Margherita Buttarelli, poliziotta picchiata in strada: suo aggressore già libero

RIMINI – Margherita Buttarelli è la poliziotta aggredita a Rimini per aiutare tre donne. Picchiata a sangue da tre nordafricani che stavano infastidendo tre ragazze che pranzavano nel parco Cervi. E ora l’unico degli arrestati per l’aggressione a Margherita, 48 anni e assistente capo della Polizia di Stato, è stato liberato dal giudice. L’uomo, un magrebino di 30 anni già noto alle forze dell’ordine, è in stato d’arresto ma fuori dal carcere.

Mariateresa Conti scrive sul Giornale:

“L’arresto è stato convalidato, ma il giudice non ha ritenuto necessario aggiungere la misura restrittiva del carcere. E così, in attesa della prossima udienza che si svolgerà il 19 dicembre (il suo avvocato ha chiesto i termini a difesa) l’uomo sarà un libero cittadino. Il danno e la beffa per Margherita Buttarelli, 48 anni, assistente capo della Polizia di Stato in servizio a Rimini, picchiata per aver difeso da tre nordafricani alcune ragazze dell’Est, pesantemente infastidite da tre uomini mentre stavano pranzando al parco Cervi.

Lei è tornata a casa, fortunatamente il naso, sanguinante, non era rotto. Le è rimasto solo un vistoso livido al volto e la solidarietà dei colleghi e del questore di Rimini, che le ha fatto visita in ospedale annunciandole che intende proporla per un encomio per il coraggio dimostrato, per di più mentre non era neppure in servizio. Ma inevitabilmente il fatto che uno degli aggressori, l’unico fermato, sia stato rimesso in libertà meno di 48 ore dopo lascia l’amaro in bocca. Libero lui, preso dai carabinieri subito dopo l’aggressione, sabato intorno alle 14”.

In libertà anche gli altri due aggressori, che non sono stati identificati, spiega la Conti, che ricostruisce la dinamica di quanto accaduto:

“Le ragazze stavano pranzando al riparo di uno dei gazebo, in una zona di solito frequentata dalle badanti dell’Est. L’assistente capo Buttarelli, sposata e madre di due figli, stava tornando a casa in bici, dopo il lavoro. Viste le donne in difficoltà non ha esitato un attimo a intervenire, anche se era fuori servizio. Prima ci ha provato con le buone, poi si è qualificata. E alla fine le ha prese, pesantemente. Al Corriere di Romagna l’agente ha assicurato: «Lo rifarei»”.

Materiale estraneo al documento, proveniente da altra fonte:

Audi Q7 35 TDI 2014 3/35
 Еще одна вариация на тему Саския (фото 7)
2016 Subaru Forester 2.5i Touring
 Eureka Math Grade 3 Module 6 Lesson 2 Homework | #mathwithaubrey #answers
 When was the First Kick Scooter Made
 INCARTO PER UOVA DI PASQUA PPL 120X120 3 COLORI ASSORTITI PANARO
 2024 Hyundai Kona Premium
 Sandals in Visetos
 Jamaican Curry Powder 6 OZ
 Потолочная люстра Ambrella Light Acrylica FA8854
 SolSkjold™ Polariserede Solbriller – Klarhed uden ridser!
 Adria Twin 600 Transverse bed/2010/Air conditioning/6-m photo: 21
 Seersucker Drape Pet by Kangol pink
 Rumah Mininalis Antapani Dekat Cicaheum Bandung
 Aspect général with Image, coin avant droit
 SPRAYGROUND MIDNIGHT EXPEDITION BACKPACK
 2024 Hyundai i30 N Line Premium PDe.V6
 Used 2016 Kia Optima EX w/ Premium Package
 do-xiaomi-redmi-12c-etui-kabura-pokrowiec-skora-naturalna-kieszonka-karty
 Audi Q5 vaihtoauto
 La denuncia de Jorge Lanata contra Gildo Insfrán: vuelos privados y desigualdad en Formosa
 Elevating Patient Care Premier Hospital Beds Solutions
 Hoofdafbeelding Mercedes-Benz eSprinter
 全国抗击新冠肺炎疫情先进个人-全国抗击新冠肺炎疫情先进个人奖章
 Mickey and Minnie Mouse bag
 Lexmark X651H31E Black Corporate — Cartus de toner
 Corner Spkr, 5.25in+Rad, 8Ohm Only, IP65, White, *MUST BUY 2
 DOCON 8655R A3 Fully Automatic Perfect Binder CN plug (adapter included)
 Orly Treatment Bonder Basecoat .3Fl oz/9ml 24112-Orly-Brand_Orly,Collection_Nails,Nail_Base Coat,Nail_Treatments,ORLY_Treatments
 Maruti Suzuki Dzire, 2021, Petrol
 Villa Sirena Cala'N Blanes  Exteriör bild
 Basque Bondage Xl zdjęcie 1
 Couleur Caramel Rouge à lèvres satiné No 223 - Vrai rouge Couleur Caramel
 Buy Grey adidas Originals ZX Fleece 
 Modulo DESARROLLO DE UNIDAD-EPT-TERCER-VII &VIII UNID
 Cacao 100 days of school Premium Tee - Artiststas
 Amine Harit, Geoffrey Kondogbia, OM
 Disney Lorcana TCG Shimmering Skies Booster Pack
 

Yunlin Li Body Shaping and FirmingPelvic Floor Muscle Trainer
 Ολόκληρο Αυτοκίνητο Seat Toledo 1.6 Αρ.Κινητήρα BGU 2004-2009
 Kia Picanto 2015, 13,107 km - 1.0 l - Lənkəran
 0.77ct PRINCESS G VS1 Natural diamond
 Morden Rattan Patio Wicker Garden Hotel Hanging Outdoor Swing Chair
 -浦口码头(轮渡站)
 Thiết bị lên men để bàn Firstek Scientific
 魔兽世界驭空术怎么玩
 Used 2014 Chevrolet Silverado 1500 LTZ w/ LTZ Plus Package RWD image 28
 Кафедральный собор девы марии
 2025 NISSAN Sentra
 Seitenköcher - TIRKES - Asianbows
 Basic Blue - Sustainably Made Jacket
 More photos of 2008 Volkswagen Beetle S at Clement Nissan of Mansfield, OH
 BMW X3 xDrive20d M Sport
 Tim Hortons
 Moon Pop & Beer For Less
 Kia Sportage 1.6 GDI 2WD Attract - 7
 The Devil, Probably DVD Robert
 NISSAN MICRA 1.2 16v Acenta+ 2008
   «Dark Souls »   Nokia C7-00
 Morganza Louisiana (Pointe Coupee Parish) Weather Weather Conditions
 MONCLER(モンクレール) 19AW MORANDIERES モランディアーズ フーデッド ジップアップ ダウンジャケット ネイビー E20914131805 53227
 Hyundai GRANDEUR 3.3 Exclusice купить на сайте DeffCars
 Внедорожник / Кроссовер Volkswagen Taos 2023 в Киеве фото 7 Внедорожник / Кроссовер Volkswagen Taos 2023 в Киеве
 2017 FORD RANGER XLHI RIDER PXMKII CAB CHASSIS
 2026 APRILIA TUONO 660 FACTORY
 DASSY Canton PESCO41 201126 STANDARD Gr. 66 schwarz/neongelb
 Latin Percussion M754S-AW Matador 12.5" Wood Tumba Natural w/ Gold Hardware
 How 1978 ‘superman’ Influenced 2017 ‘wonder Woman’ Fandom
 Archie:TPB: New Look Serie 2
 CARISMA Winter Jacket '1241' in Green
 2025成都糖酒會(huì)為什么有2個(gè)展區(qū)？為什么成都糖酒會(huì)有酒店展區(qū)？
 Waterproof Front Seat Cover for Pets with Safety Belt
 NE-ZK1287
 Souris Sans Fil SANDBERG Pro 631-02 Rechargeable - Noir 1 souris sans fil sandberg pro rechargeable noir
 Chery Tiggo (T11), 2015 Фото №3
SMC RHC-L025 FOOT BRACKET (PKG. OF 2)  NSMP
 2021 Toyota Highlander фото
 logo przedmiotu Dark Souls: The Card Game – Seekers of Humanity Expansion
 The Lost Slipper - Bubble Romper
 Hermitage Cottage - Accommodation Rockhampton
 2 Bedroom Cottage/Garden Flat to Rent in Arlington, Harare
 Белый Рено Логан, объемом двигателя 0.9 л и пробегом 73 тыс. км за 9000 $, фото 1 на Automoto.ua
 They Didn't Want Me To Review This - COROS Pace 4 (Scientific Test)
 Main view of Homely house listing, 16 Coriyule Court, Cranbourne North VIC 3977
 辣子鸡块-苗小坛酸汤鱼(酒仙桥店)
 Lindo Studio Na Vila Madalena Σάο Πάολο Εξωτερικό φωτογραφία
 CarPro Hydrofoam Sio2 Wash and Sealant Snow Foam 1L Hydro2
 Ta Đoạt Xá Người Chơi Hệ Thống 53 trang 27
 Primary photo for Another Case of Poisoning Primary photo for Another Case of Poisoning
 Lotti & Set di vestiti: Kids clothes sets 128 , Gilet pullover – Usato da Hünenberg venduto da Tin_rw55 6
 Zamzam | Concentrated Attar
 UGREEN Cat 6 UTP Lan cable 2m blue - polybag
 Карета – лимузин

E le colleghe di Margherita esprimono tutta la loro frustrazione, come donne e come agenti. Patrizia Bolognani, assistente capo al reparto prevenzione del crimine della polizia di Padova, spiega a Francesco Maria Del Vigo sul Giornale:

“Quando indossiamo l’uniforme, smettiamo di essere donne, siamo solo numeri. È come se perdessimo i nostri diritti”.

E spiega:

“In Italia ci sono all’incirca quindicimila donne in divisa, anche se nell’immaginario comune l’agente continua a rimanere un uomo. Quando un criminale si scaglia contro un agente volano sputi, botte e insulti – racconta la Bolognani, che è anche rappresentate sindacale del Coisp – Non importa il sesso del poliziotto. Anzi, nei confronti delle donne i criminali sono ancora più feroci. E poi ci sono gli insulti a sfondo sessuale. Se le botte sono una ferita esteriore, questi insulti sono una violenza interiore. Ne riceviamo quotidianamente, nell’indifferenza generale. Anche delle istituzioni. Perché poi in Procura queste offese non contano nulla, mentre se ci avessero insultate fuori dal servizio sarebbe un’aggravante”.

Poi cparlando del caso della collega, il cui aggressore è a piede libero, si sfoga:

“Anche questo è normale. Non mi stupisce. In Italia non c’è certezza della pena. Noi arrestiamo una persona e dopo pochi giorni è già fuori. E spesso li incontriamo per la strada. Capisce quanto può essere pericoloso?”.